La loi n°2024/017 du 23 décembre 2024 marque un tournant majeur dans le paysage juridique camerounais en matière de protection des données à caractère personnel. Son adoption survient dans un contexte de mondialisation de l’information, de cybermenaces accrues et d’une demande croissante de transparence dans les échanges numériques. Elle renforce la loi n°2010/012 du 21 décembre 2010 relative à la cybersécurité et la cybercriminalité au Cameroun, qui instaurait déjà des mesures rigoureuses en matière de protection des données personnelles.

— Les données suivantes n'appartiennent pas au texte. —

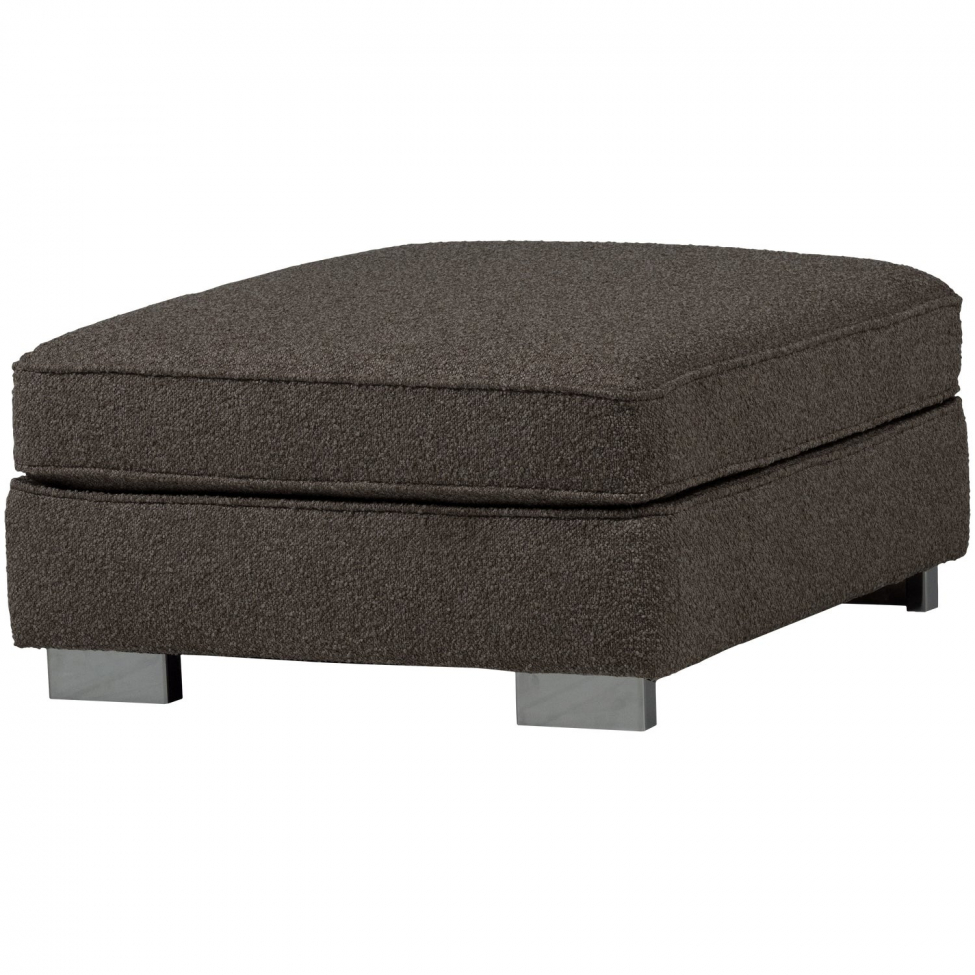 Poggiapiedi 'Lazy' - Grigio bouclé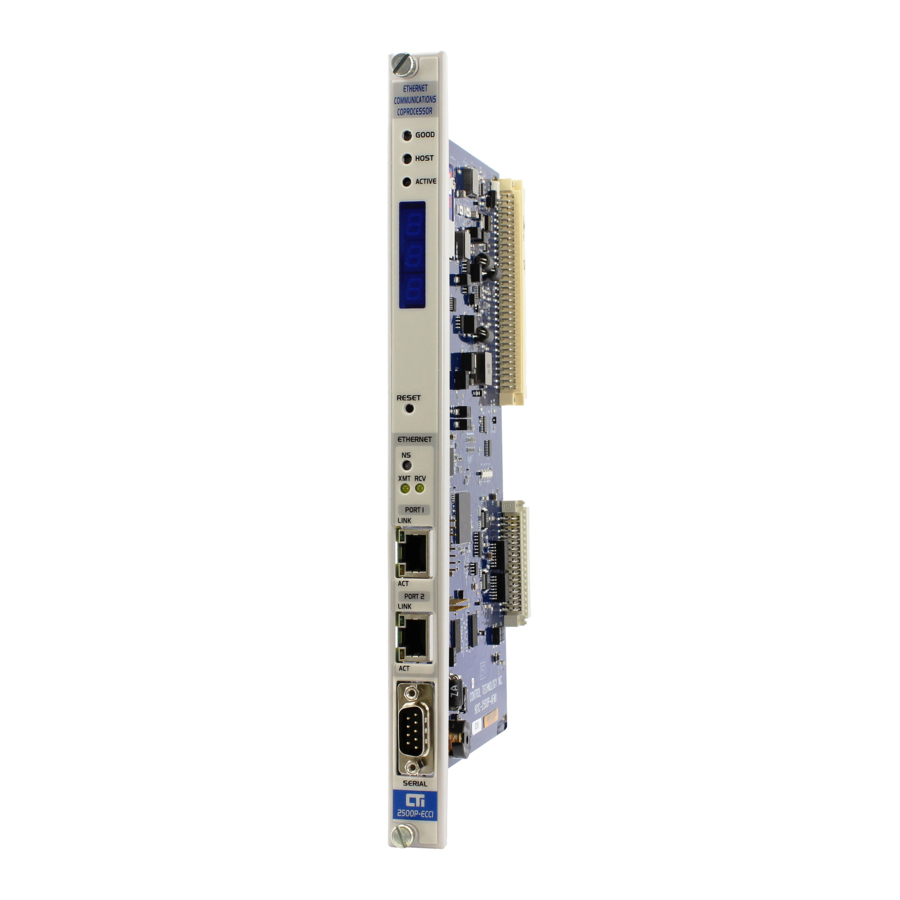 Control Technology 2500-C CPU Series Tech Tip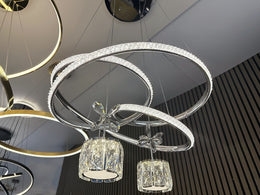 Modern LED Crystal Pendant Light P371-52cm - Galaxy Lighting NZ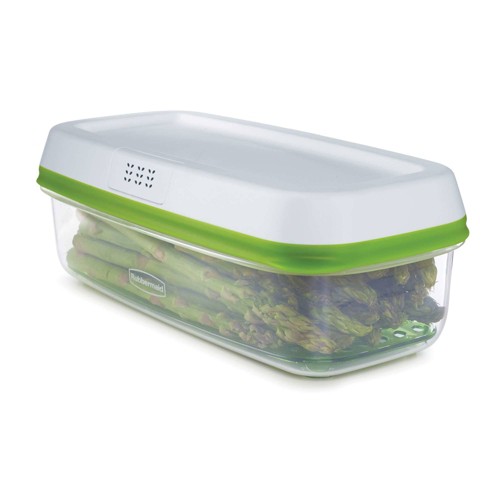 Rubbermaid Fresh Works Produce Saver Food Storage Container, 17.3 Cup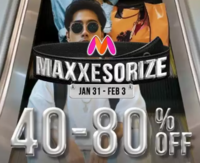 Myntra Maxxesorize Sale - Upto 80% off + 10% Off Bank offers (31 Jan - 3 Feb)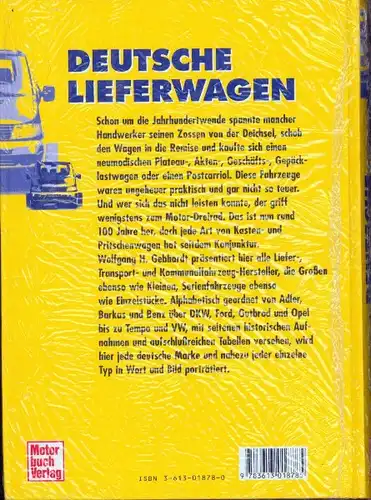 Wolfgang H. Gebhardt - Deutsche Lieferwagen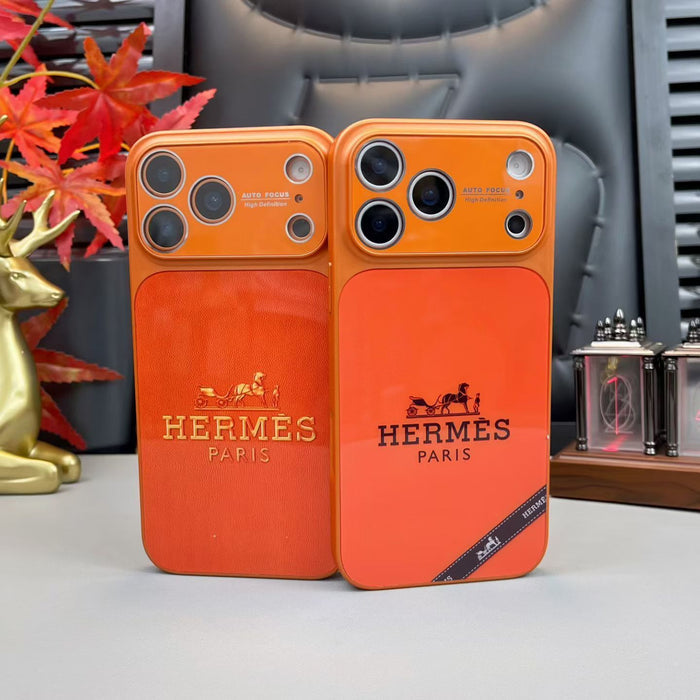 Premium H Glass Case For iPhone 17 / 16 / 15 / 14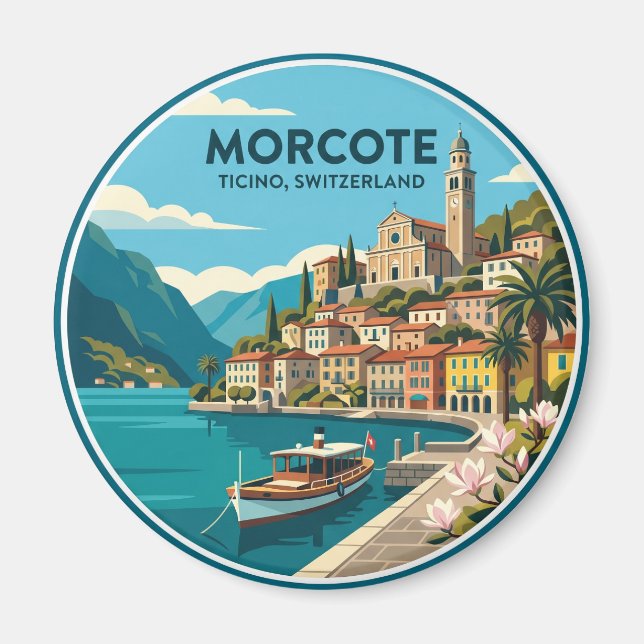 Morcote Schweiz Magnet (Vorne)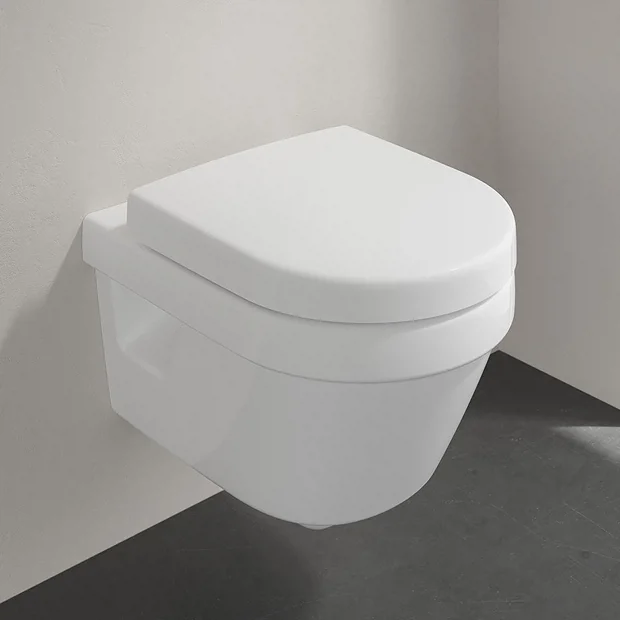 Villeroy & Boch Villeroy And Boch Architectura DirectFlush Rimless Wall Hung Toilet + Soft Close Seat 4 Villeroy & Boch Villeroy And Boch Architectura DirectFlush Rimless Wall Hung Toilet + Soft Close Seat - Image 2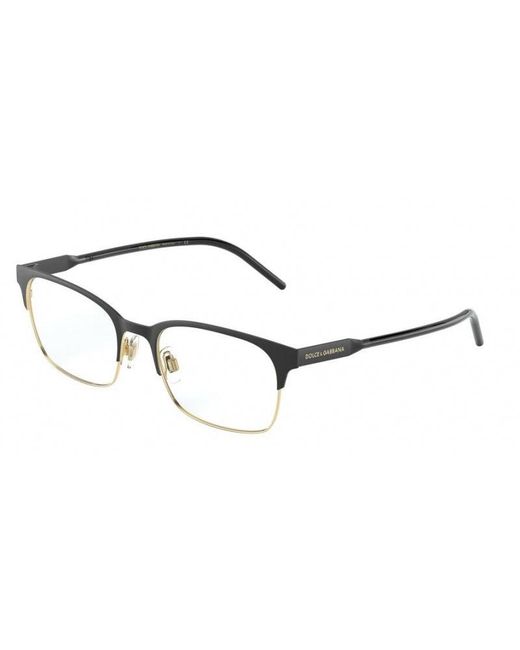 Dolce & Gabbana Black Dg1330 1268 Optical Frames Metal Squared for men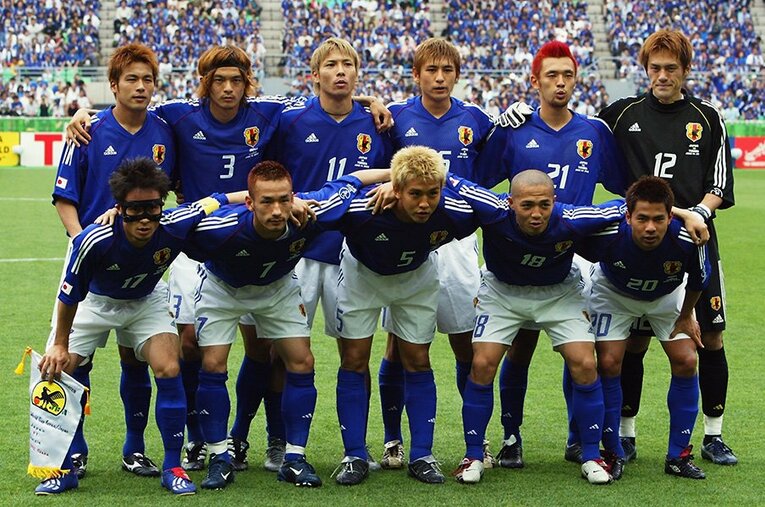 2002日韓W杯チュニジア戦スタメン ／ photograph by Getty Images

Cet article a pour objectif de présenter une analyse détaillée des principales dispositions de la loi et d’en extraire les principaux aspects les plus pertinents.
- Définitions:
- Données : représentation de faits, d’informations ou de notions sous une forme susceptible d’être traitée par un équipement terminal ou un programme.
- Données sensibles: information relative notamment aux opinions et activités religieuses, philosophiques, politiques, syndicales, aux transactions bancaires, à l’origine raciale ou éthique, linguistique ou régional, à la vie sexuelle, à la génétique, à la biométrie, à la santé, aux poursuites judiciaires et aux sanctions pénales.
- Données à caractère personnel: information se rapportant à une personne permettant de l’identifier directement ou indirectement, notamment par référence à toute forme d’identifiant ou à un ou plusieurs éléments, propres à son identité physique, psychologique, génétique, psychique, culturelle, socio-professionnelle ou économique ,notamment un nom, une photo, une empreinte, une adresse postale, une adresse mail, un numéro de téléphone, un numéro de sécurité sociale, un matricule interne, un identifiant numérique, une adresse IP, un identifiant de connexion informatique, un enregistrement vocal.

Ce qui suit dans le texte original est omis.